One of the enemy’s aeroplanes flew above our heads, circled around, and then disappeared. It dropped no bombs and was satisfied with its reconnoissance. The whistle of the train shrieked out, and there was a cheer from the French gunners as we went on our way to safety, leaving them behind at the post of peril.
ST. PIERRE DU VAUVRAY, Sept. 6.—England received a hint yesterday as to a change in the German campaign, but only those who have been, as I have, into the very heart of this monstrous horror of war, seeing the flight of hundreds of thousands of people before an overwhelming enemy and following the lines of the allied armies in their steady retirement before an apparently irresistible advance, may realize even dimly the meaning of the amazing transformation that has happened during the last few days.
For when I wrote my last dispatch from Arques-la-Bataille, after my adventures along the French and English lines, it seemed as inevitable as the rising of next day’s sun that the Germans should enter Paris on the very day when I wrote my dispatch. Still not a single shot has come crashing upon the French fortifications.
At least a million men—that is no exaggeration of a light pen, but the sober and actual truth—were advancing steadily upon the capital last Tuesday. They were close to Beauvais when I escaped from what was then a death-trap.
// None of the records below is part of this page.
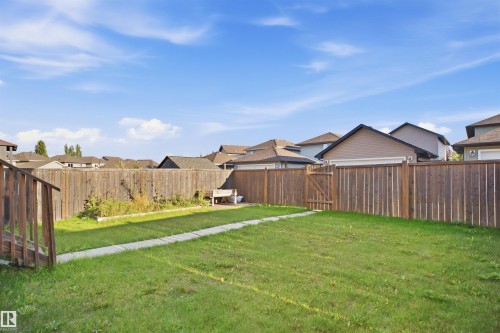 Expansive backyard featuring a lush lawn, privacy fencing, a concrete paver pathway, and a wooden gate - 1523 36 Avenue Nw, Edmonton, AB 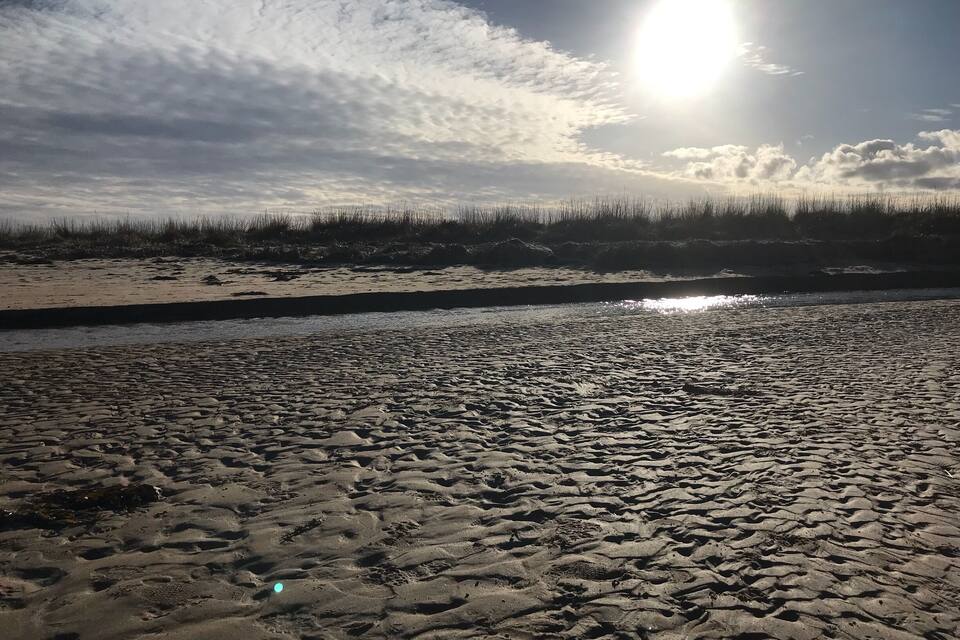 Platja amb petjades i un riu al fons.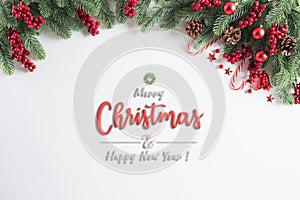 Christmas background concept. Top view of Christmas gift box red balls with spruce branches, pine cones, red berries and bell on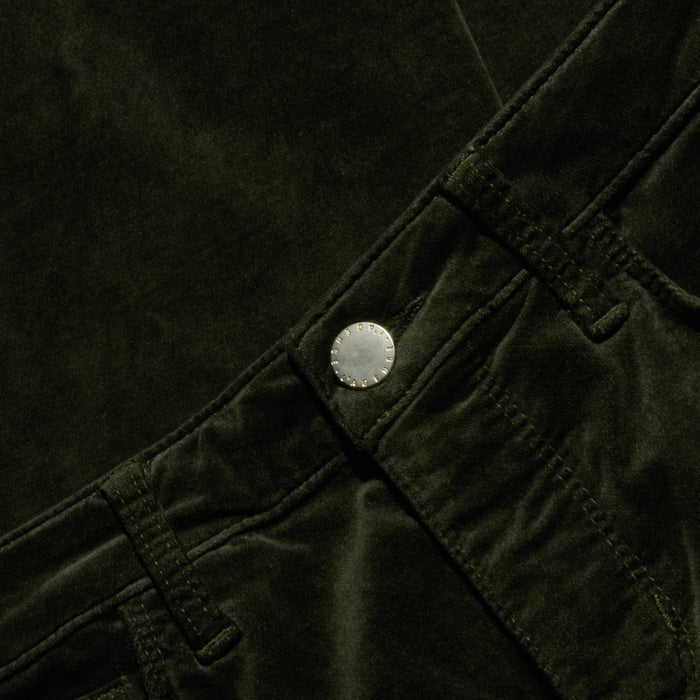 Close-up of the Stevie Velvet Jean in dark green stretch velvet, highlighting the high-rise waistband, belt loops, silver button, and a glimpse of the front pocket.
They were fighting our British troops at Creil when I came to that town. Upon the following days they were holding our men in the Forest of Compiegne. They had been as near to Paris as Senlis, almost within gunshot of the outer forts.
“Nothing seems to stop them,” said many soldiers with whom I spoke. “We kill them and kill them, but they come on.”
The situation seemed to me almost ready for the supreme tragedy—the capture or destruction of Paris. The northwest of France lay very open to the enemy, abandoned as far south as Abbeville and Amiens, too lightly held by a mixed army corps of French and Algerian troops with their headquarters at Aumale.
Here was an easy way to Paris.
Always obsessed with the idea that the Germans must come from the east, the almost fatal error of this war, the French had girdled Paris with almost impenetrable forts on the east side, from those of Ecouen and Montmorency, by the far-flung forts of Chelles and Champigny, to those of Susy and Villeneuve, on the outer lines of the triple cordon; but on the west side, between Pontoise and Versailles, the defenses of Paris were weak. I say “were,” because during the last three days thousands of men have been digging trenches and throwing up ramparts. Only the snakelike Seine, twining into Pegoud loop, forms a natural defense to the western approach to the city, none too secure against men who have crossed many rivers in their desperate assaults.
This, then, was the Germans’ chance; it was for this that they had fought their way westward and southward through incessant battlefields from Mons and Charleroi to St. Quentin and Amiens and down to Creil and Compiegne, flinging away human life as though it were but rubbish for deathpits. The prize of Paris, Paris the great and beautiful, seemed to be within their grasp.